Anonymous Monk has asked for the wisdom of the Perl Monks concerning the following question:

Hello fellow Monks,

I have a general implementation/design question that I has been troubling me. We are setting up a web-site that will provide a free resource to researchers in our institution. There are three parts to this:

  1. Front end: CGI, accepts and verifies parameters
  2. Wrapper: call external program to do "data processing"
  3. Results display: CGI to format the data

The part that is troubling me is #2. The data-processing can be pretty computationally intensive. I would prefer to "queue" requests, so that they get processed in serial rather than in parallel. It seems that doing things that way would break the underlying model.

The best option I see is as follows:

  1. Front End
  2. Write parameters to text
  3. Check if results finished
  4. Display results

Once the parameters are written to text, a cron job (okay, this is on WinXP so I guess it would have to be a service?) regularly checks the textfile to see if there are new records to be run. If so, it processes them and dumps the results to a text-file.

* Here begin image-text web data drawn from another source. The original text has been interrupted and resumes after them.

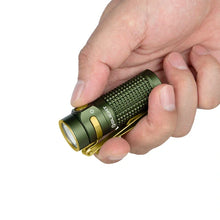Carregar imagem no visualizador da galeria, OLIGHT BATON4KITODG Baton 4 Powerful EDC Flashlight 1300 Lumens - OD Green - Premium (With Charging Case)
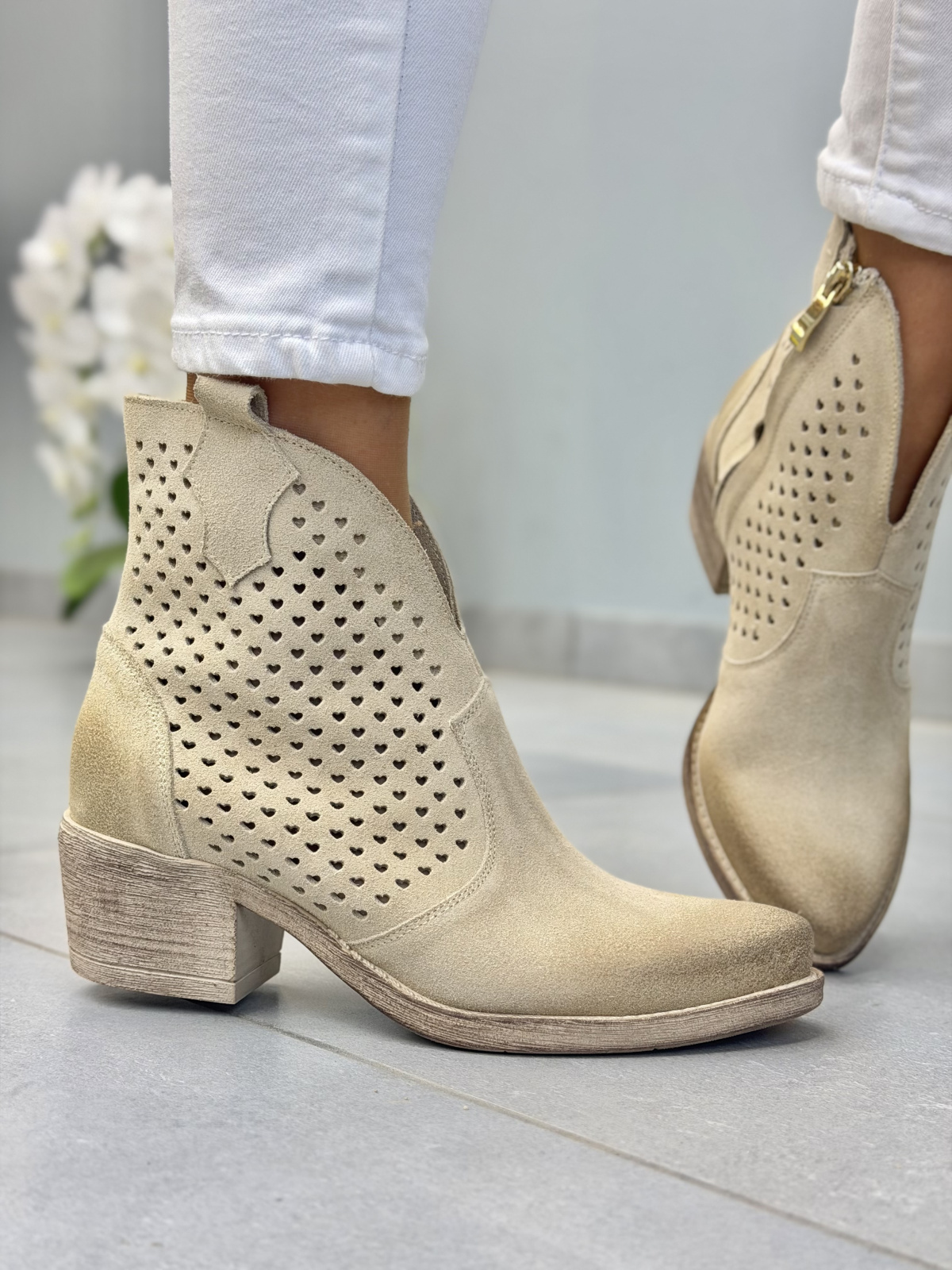 Beżowe kowbojki ażurowe ze skóry naturalnej OLEKSY casual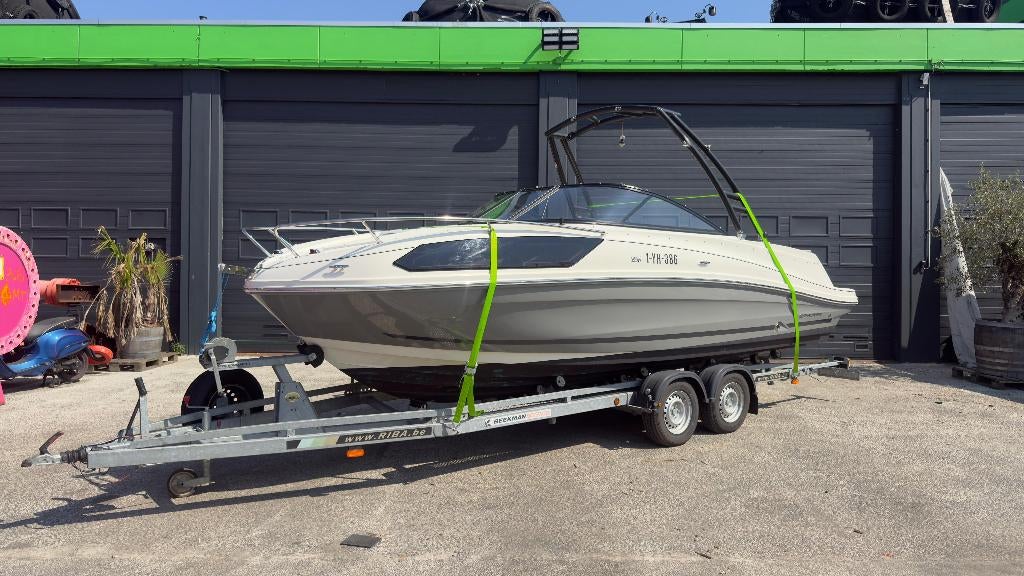 Bayliner VR6 Cuddy met 4.5L Mercruiser 250PK & Trailer, Ophalen, Binnenboordmotor, 245 cm, Zo goed als nieuw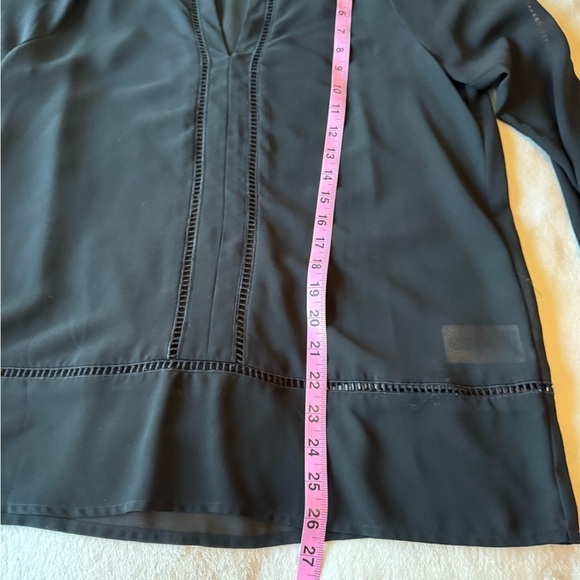 Michael Kors Black Vneck pullover tunic style sheer blouse with eyelet details M - Picture 11 of 14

I'm not a huge fan of the above strategy because, amongst other things, it makes me go and rewrite the wrapper, which is already written in a standalone, non-CGI version. Are there any other standard solutions to this kind of problem?

Replies are listed 'Best First'.
Re: Queuing Input for Serial Processing
by bean (Monk) on Aug 25, 2003 at 18:29 UTC
    For such a resource-intensive application, one solution is to email the results to the users - emails are less ephemeral than web-pages and so your users would be less likely to waste resources by recalculating a previously generated set of results.

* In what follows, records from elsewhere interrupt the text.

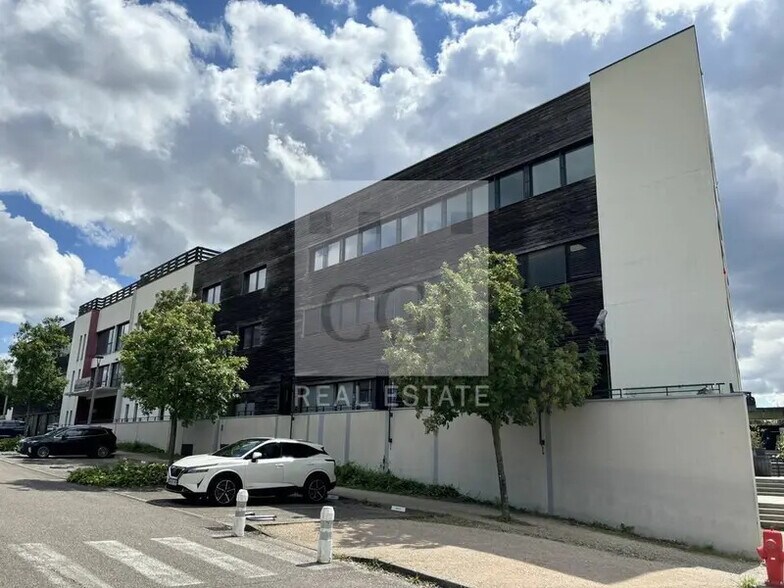97 Allée Alexandre Borodine, Saint-Priest for lease - Building Photo - Image 1 of 20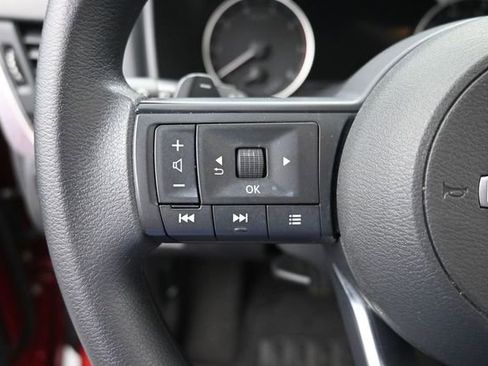 Used 2024 Nissan Rogue SV FWD image 30
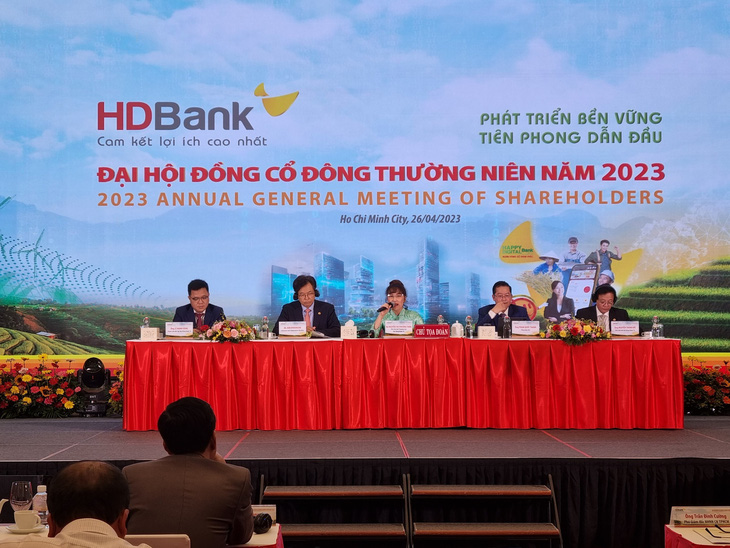Ngân hàng và công ty chứng khoán nào sẽ về chung nhà với HDBank? - Ảnh 1.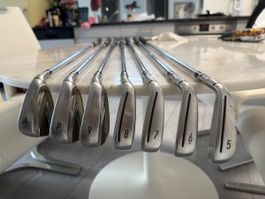 Taylormade Stealth Golf Irons Set A-9 good condition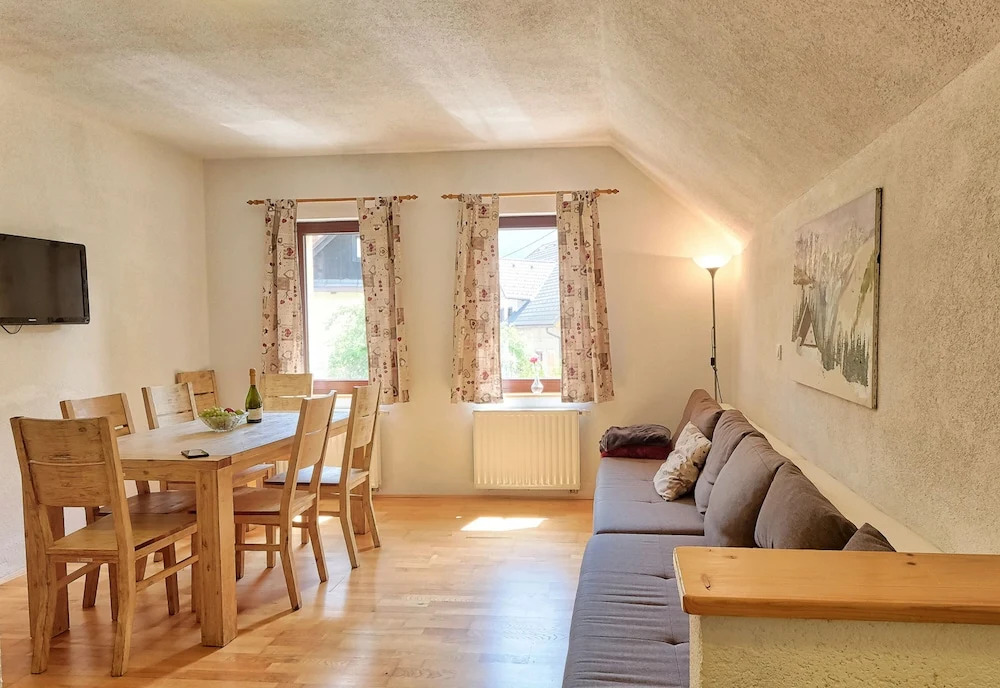 4 Bedroom House - Jacuzzi - Jacobs Resort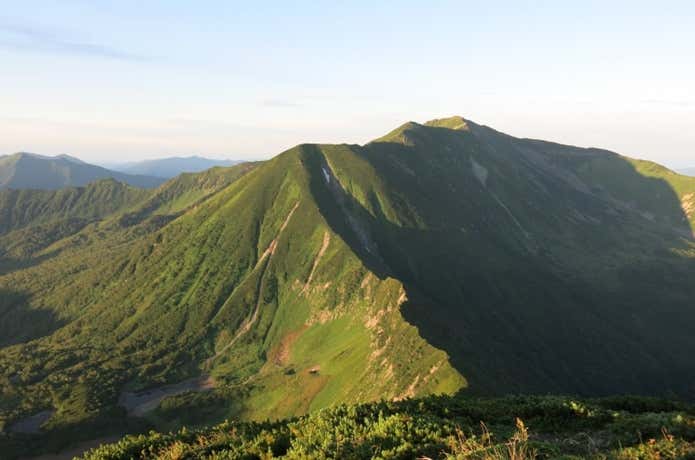 七つ沼カールと幌尻岳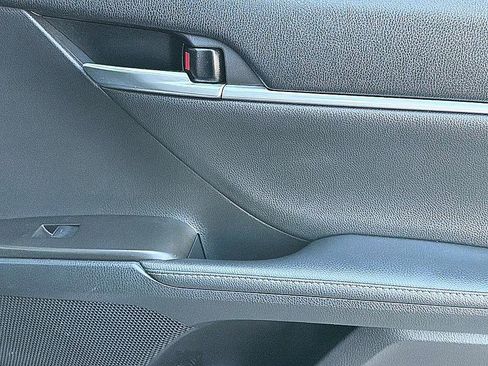 Used 2021 Toyota Camry XSE FWD image 27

    By the same token, if your data changes relatively slowly, you could cache results keyed off a parameter/date combination - then you could just use the cache if asked for a result set you've already calculated (this hinges on being able to tell if the data has changed since the result was generated).

    If you cache results, sending the results as emails no longer frees up resources, but your users will probably like it better anyway. Even 15 seconds is a long time to wait for a webpage to load - whereas getting an email in 60 seconds feels fast. It's all a question of expectations - people tend to wait for webpages, but will go about their business if told the results will be sent to them. Plus, I think an email is a more useful form - if the user wants to send the results to someone else, they just forward the email, instead of cutting and pasting...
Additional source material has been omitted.